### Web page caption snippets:
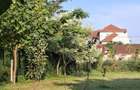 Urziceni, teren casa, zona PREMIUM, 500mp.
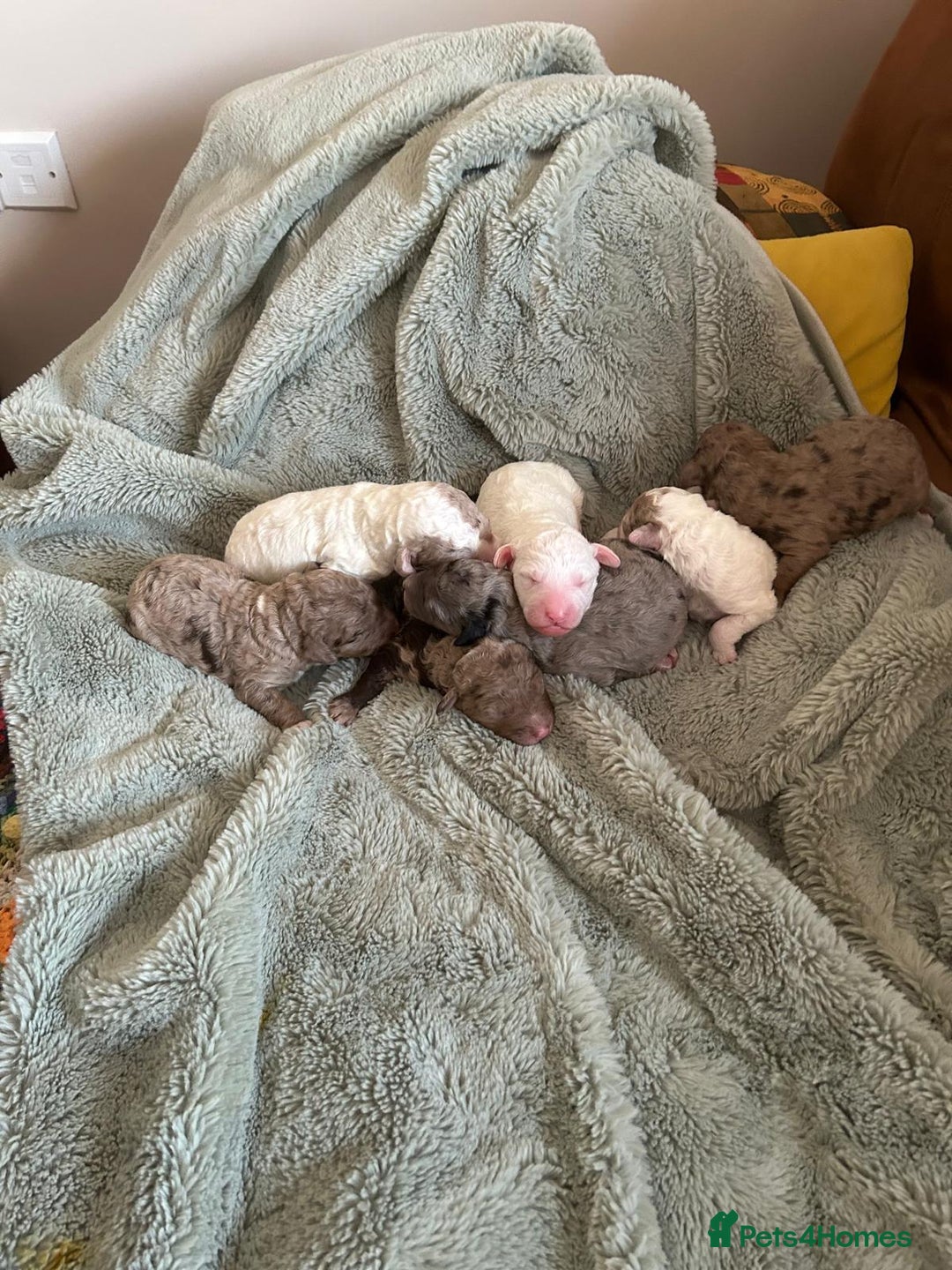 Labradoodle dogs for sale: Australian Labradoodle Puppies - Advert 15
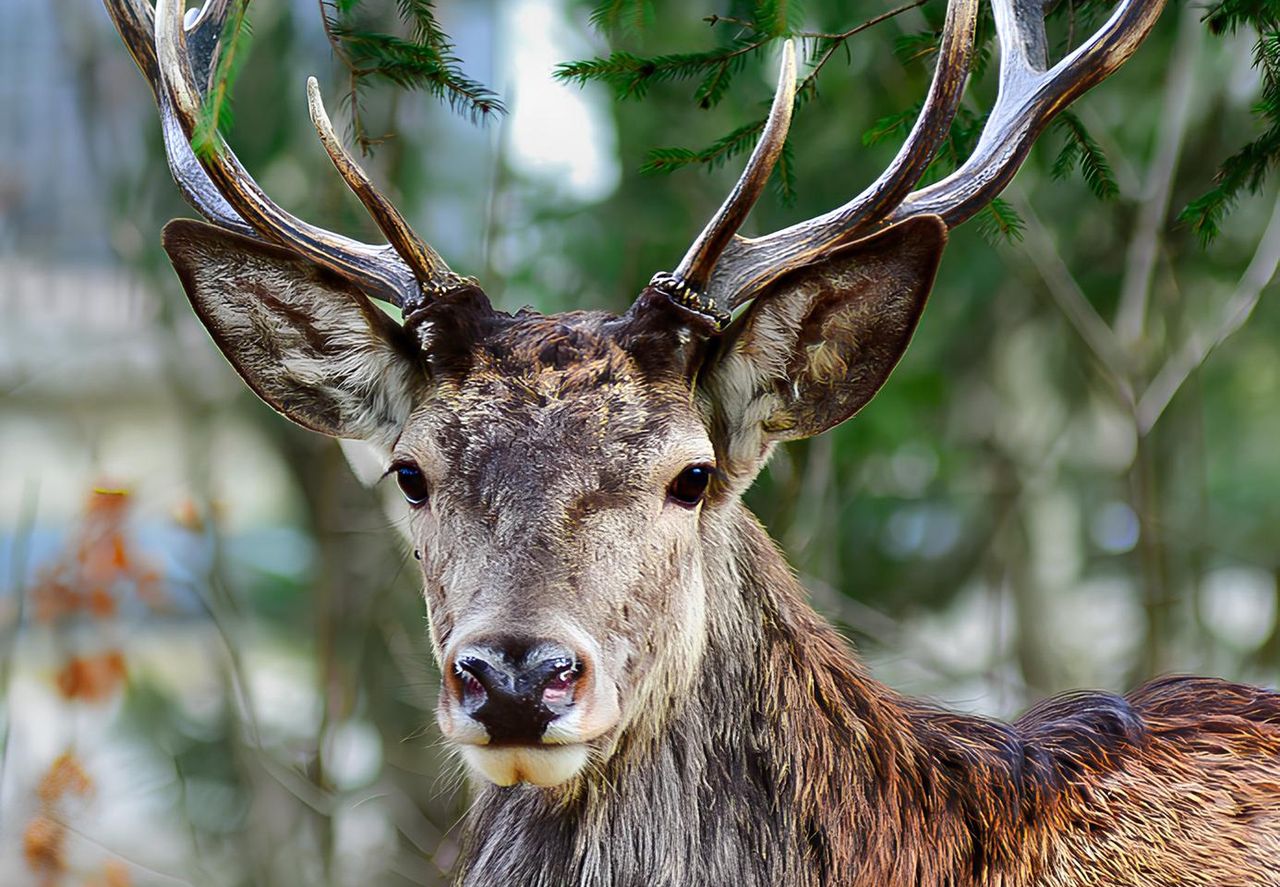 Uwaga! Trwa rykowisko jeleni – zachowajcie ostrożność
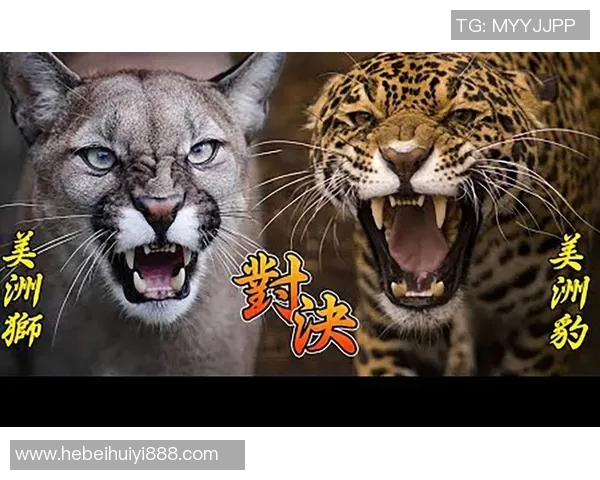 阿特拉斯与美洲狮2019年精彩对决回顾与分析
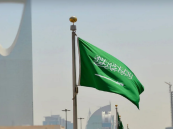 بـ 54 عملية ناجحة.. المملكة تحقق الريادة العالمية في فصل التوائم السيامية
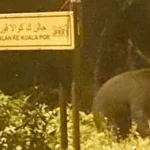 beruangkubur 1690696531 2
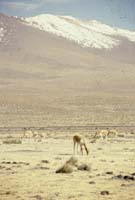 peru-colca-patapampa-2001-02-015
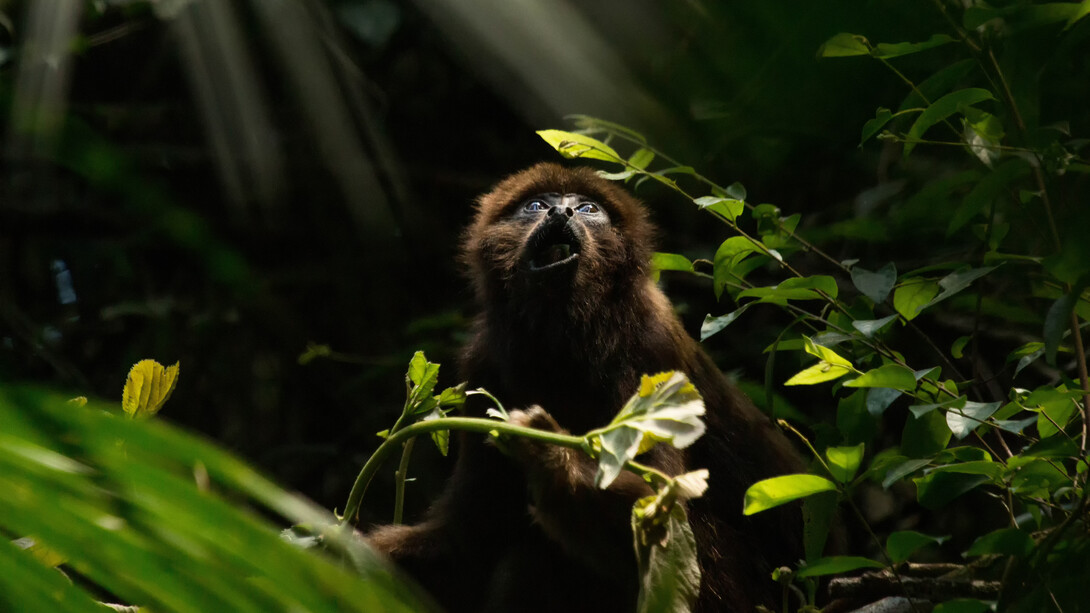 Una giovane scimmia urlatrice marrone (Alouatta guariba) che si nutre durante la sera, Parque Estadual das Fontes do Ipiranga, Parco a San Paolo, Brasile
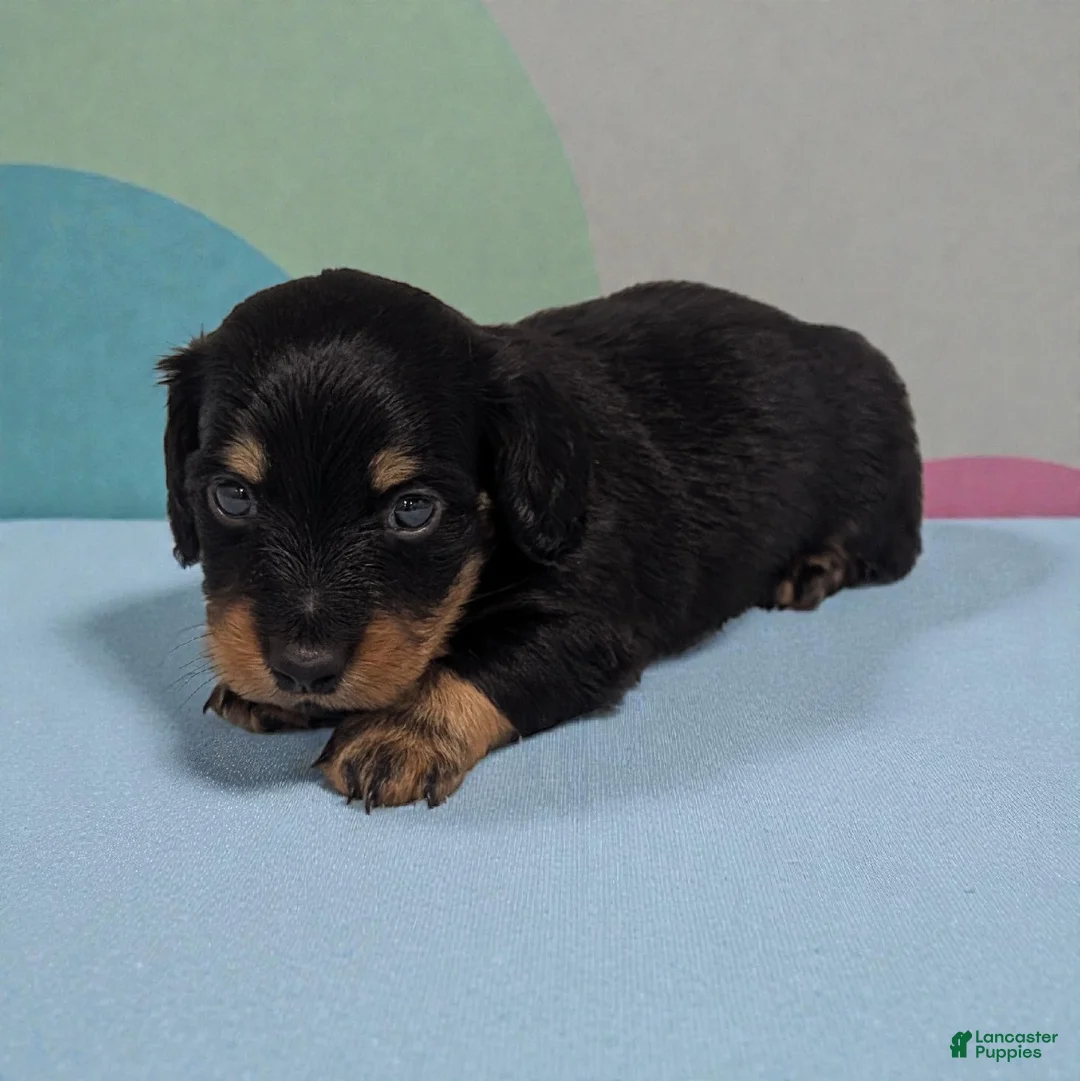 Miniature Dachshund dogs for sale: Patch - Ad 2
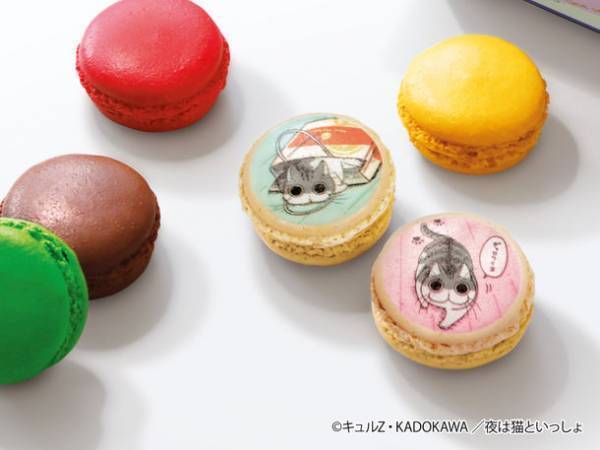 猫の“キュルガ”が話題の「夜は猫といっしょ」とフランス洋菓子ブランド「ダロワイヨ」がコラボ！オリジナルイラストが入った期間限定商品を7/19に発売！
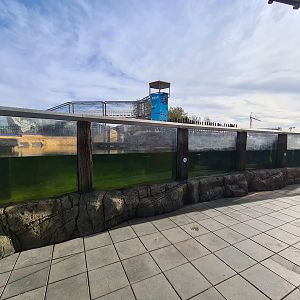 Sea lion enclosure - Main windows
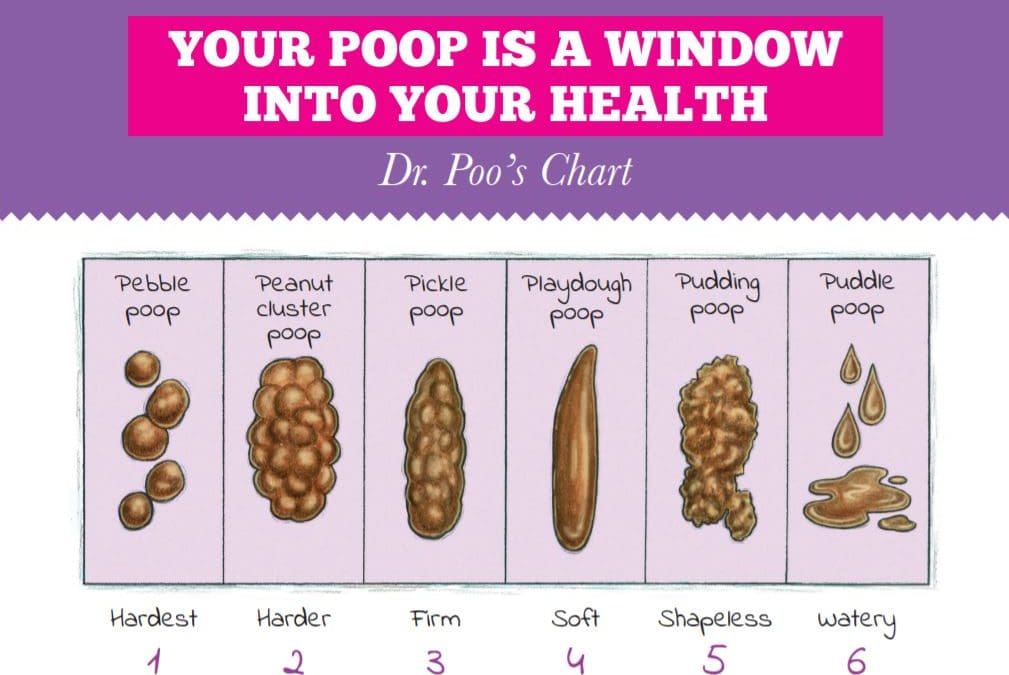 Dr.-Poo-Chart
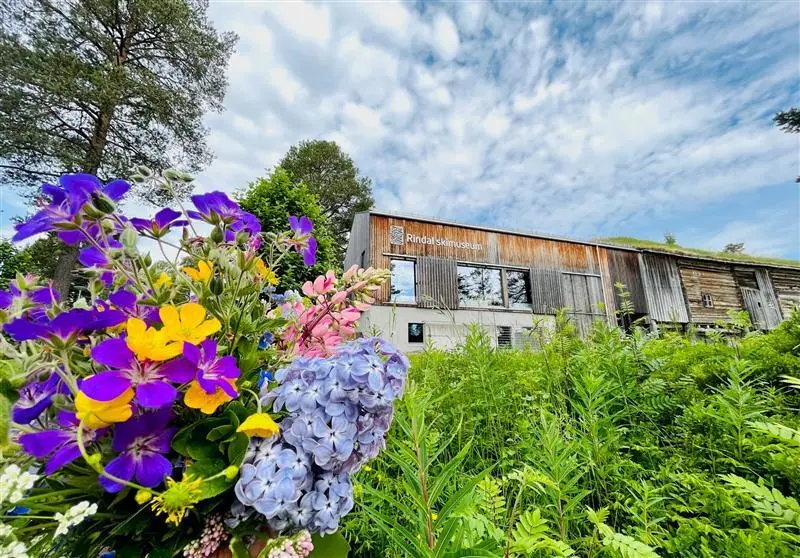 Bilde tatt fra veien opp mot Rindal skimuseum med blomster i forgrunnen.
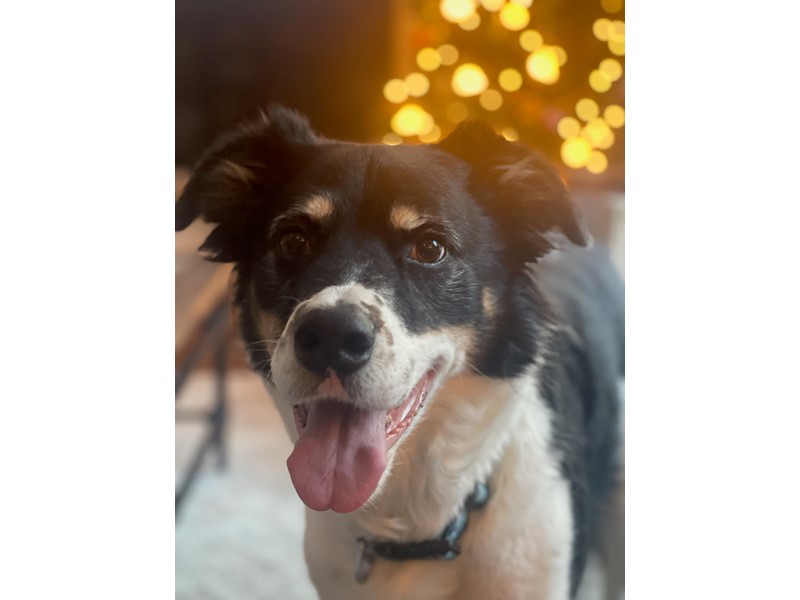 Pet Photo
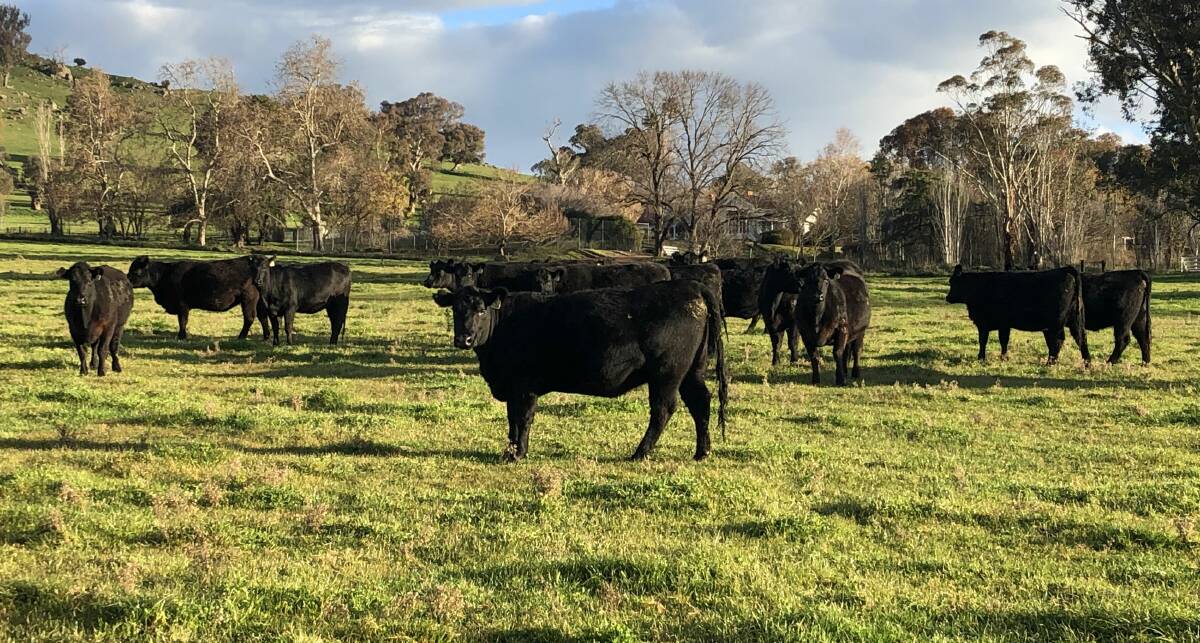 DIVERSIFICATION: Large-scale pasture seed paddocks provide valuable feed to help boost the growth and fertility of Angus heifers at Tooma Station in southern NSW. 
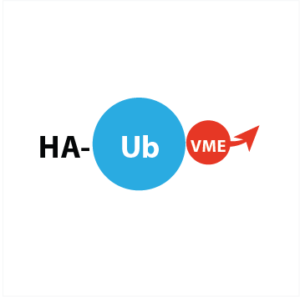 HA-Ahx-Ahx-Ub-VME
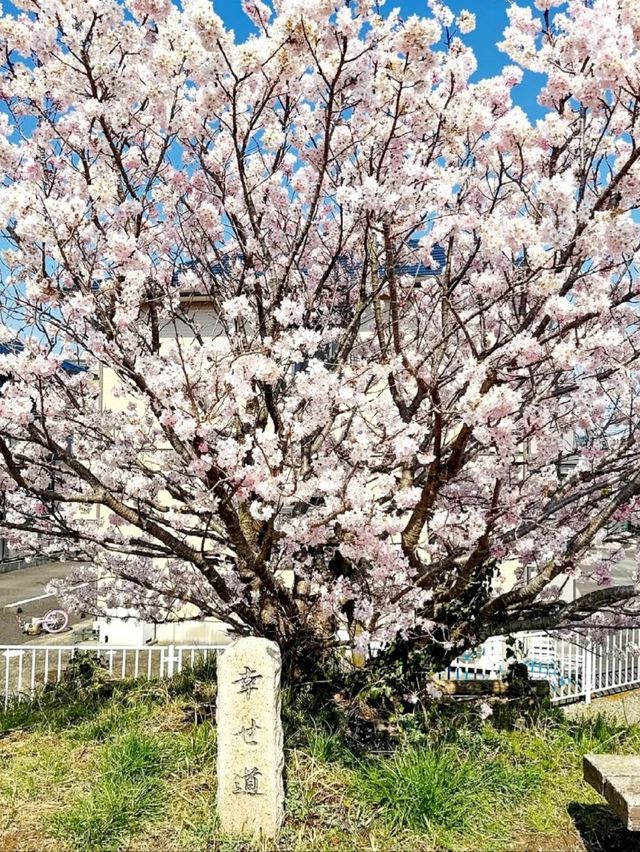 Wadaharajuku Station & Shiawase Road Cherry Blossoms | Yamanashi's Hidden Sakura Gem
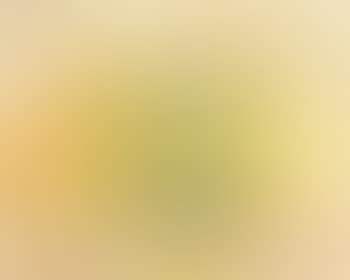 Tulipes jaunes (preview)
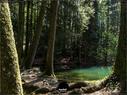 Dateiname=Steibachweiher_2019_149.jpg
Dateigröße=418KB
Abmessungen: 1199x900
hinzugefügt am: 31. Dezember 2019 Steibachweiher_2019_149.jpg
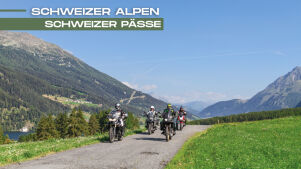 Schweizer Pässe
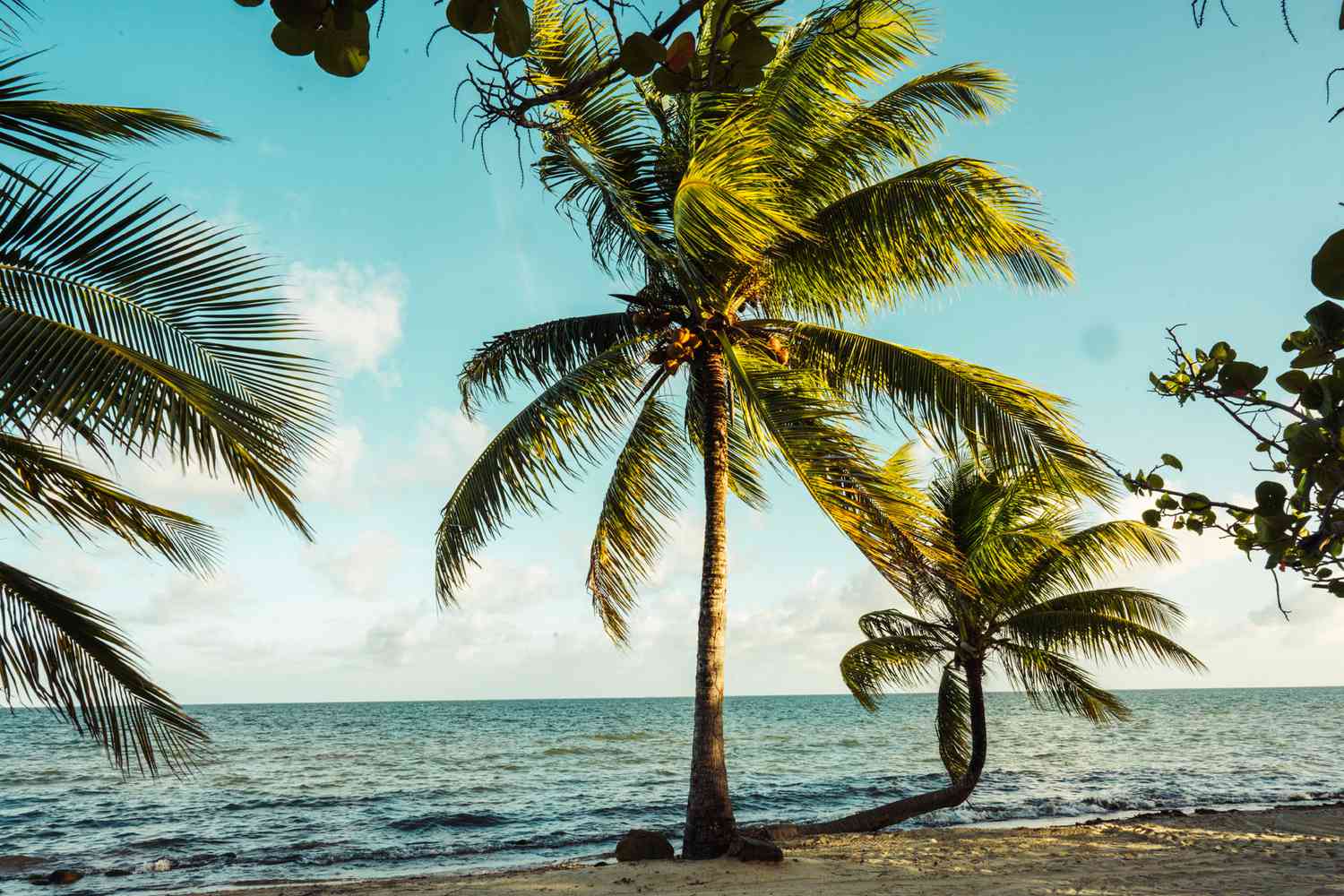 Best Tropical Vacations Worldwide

### Task goal:
Reproduce the records above exactly, excluding every picture.

### Problem solution:
 Urziceni, teren casa, zona PREMIUM, 500mp.
 Labradoodle dogs for sale: Australian Labradoodle Puppies - Advert 15
 Uwaga! Trwa rykowisko jeleni – zachowajcie ostrożność
 阿特拉斯与美洲狮2019年精彩对决回顾与分析
 بـ 54 عملية ناجحة.. المملكة تحقق الريادة العالمية في فصل التوائم السيامية
 beruangkubur 1690696531 2
 peru-colca-patapampa-2001-02-015
 Una giovane scimmia urlatrice marrone (Alouatta guariba) che si nutre durante la sera, Parque Estadual das Fontes do Ipiranga, Parco a San Paolo, Brasile
 Miniature Dachshund dogs for sale: Patch - Ad 2
 猫の“キュルガ”が話題の「夜は猫といっしょ」とフランス洋菓子ブランド「ダロワイヨ」がコラボ！オリジナルイラストが入った期間限定商品を7/19に発売！
 Sea lion enclosure - Main windows
 Dr.-Poo-Chart
 Bilde tatt fra veien opp mot Rindal skimuseum med blomster i forgrunnen.
 Pet Photo
 DIVERSIFICATION: Large-scale pasture seed paddocks provide valuable feed to help boost the growth and fertility of Angus heifers at Tooma Station in southern NSW. 
 HA-Ahx-Ahx-Ub-VME
 Wadaharajuku Station & Shiawase Road Cherry Blossoms | Yamanashi's Hidden Sakura Gem
 Tulipes jaunes (preview)
 Dateiname=Steibachweiher_2019_149.jpg
Dateigröße=418KB
Abmessungen: 1199x900
hinzugefügt am: 31. Dezember 2019 Steibachweiher_2019_149.jpg
 Schweizer Pässe
 Best Tropical Vacations Worldwide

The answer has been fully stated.